UASs provide an airborne safety and trouble-shooting solution for the energy industry with their ability to affordably capture new views of landscapes containing oil fields and coal mines to gauge land conditions and monitor potential as energy resources. Through unmanned surveillance, they allow greater and safer accessibility to transmission lines, solar and wind generation units, offshore platforms, oil derricks, and pipelines to evaluate for leaks, erosion, or significant damaging conditions.
From daily traffic to harsh environmental elements, bridges endure much wear and tear over a lifetime. Without cranes or scaffolding, the UAS can safely and efficiently inspect bridges and other hard-to-reach infrastructure such as cell towers and dams. A deployed system can assess structure conditions remotely and identify issues such as surface damage, corrosion or breaches.
The UAS plays a vital role in critical missions related to natural and manmade disasters. It enables first-responders to fulfill human needs at the most personal level by reaching and analyzing affected areas and individuals more easily and more efficiently than other means can.
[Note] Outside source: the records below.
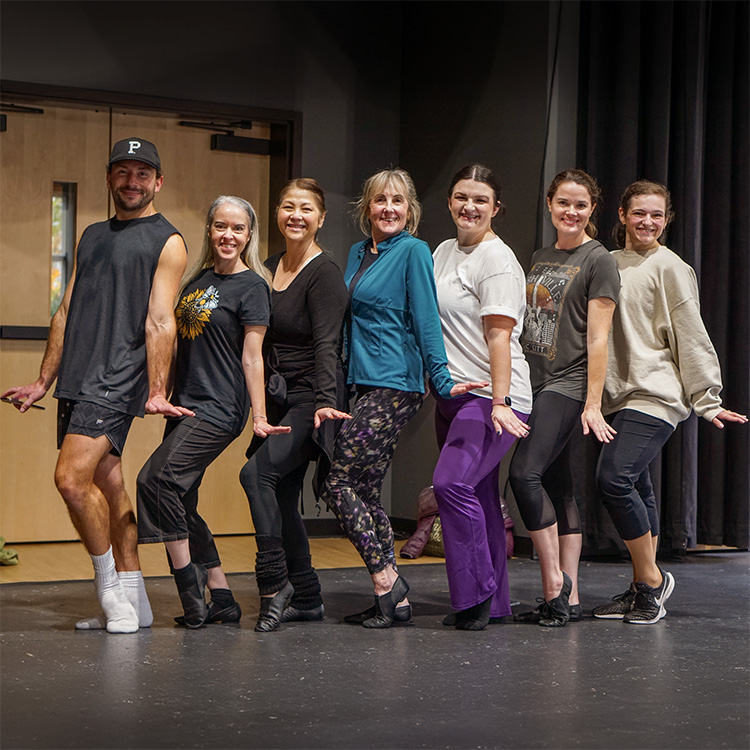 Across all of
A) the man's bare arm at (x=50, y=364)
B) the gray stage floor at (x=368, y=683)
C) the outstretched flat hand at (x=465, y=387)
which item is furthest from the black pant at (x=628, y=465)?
the man's bare arm at (x=50, y=364)

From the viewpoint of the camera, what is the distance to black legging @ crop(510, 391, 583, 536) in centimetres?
354

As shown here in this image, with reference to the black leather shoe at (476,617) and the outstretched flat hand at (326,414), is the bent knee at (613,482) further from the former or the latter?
the outstretched flat hand at (326,414)

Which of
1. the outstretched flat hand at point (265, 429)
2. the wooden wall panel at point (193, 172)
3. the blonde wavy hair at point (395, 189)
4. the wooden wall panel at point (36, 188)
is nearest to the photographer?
the outstretched flat hand at point (265, 429)

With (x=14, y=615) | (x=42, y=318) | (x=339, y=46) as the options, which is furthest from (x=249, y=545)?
(x=339, y=46)

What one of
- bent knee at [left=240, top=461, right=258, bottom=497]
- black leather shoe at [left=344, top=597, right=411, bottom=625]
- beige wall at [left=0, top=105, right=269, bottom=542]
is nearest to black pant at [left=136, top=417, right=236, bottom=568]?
bent knee at [left=240, top=461, right=258, bottom=497]

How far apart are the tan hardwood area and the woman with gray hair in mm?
1045

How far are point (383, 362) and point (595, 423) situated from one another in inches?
26.9

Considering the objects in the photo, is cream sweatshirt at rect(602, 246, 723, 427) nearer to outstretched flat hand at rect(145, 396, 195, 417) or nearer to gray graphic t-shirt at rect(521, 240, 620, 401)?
gray graphic t-shirt at rect(521, 240, 620, 401)

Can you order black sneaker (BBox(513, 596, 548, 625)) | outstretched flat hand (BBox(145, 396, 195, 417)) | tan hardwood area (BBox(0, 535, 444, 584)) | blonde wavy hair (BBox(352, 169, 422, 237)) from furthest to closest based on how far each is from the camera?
1. tan hardwood area (BBox(0, 535, 444, 584))
2. black sneaker (BBox(513, 596, 548, 625))
3. blonde wavy hair (BBox(352, 169, 422, 237))
4. outstretched flat hand (BBox(145, 396, 195, 417))

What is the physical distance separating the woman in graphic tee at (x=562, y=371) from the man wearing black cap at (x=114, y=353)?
111cm

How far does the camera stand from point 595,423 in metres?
3.53

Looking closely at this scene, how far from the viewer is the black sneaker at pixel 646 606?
370cm

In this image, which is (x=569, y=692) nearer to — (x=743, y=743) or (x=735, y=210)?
(x=743, y=743)

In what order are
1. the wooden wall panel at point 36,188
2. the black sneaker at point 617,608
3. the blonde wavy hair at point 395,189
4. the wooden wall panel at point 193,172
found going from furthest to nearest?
the wooden wall panel at point 193,172 → the wooden wall panel at point 36,188 → the black sneaker at point 617,608 → the blonde wavy hair at point 395,189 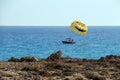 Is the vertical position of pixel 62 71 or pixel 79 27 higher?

UASs can be positioned to survey damage, locate stranded and injured victims, and facilitate emergency management strategies.
Able to carry out missions without risking human life, the UAS supports greater day-to-day security. Security forces can deploy the UAS to provide tactical surveillance and tracking to protect the US homeland, key installations, and borders. These capabilities can be critical in near–real-time security situations such as accident and incidence response.
UASRC uses ORNL'S core computational capabilities to help solve problems of national importance ranging from science and energy to healthcare and medicine to national security and business intelligence. We provide systems engineering, data collection and analysis, data visualization, cyber security, and data management and delivery. By leveraging the Lab's ability to efficiently capture, analyze, and steward large volumes of data, UASRC maximizes its power to understand real-world challenges in real time.
ORNL’s battery technology research focuses on extending battery life and range, reducing battery size, and improving cost savings and safety for the consumer. Partnering with industry, the lab applies its expertise in electrochemical engineering, materials characterization, materials processing, and materials and systems simulation to identify performance limitations and develop innovative technologies for the next generation of batteries. With access to these R&D capabilities, UASRC can analyze every aspect of battery production—from raw materials to finished components—to devise better energy storage technologies for improved performance and longevity.
The Department of Energy’s Manufacturing Demonstration Facility at ORNL provides industry access to experts and technology in materials synthesis, characterization, and process technology in areas related to additive manufacturing, composites and carbon fiber, roll-to-roll processing, magnetic field processing, low-temperature materials synthesis, battery manufacturing. With access to these capabilities, UASRC has the power to develop and test novel materials to improve and increase performance and durability.
Through the UASRC, industry can tap into ORNL expertise in developing advanced autonomous navigation capabilities for fixed-wing and vertical takeoff and landing platforms. Research areas include autonomous takeoff and landing, collision avoidance, indoor navigation, and precision landing. ORNL expertise in next-generation UAS communication systems includes lightweight, ultra-small footprint satellite-based communication; auto-forming mesh networking; cellular-based communications; and secure communication.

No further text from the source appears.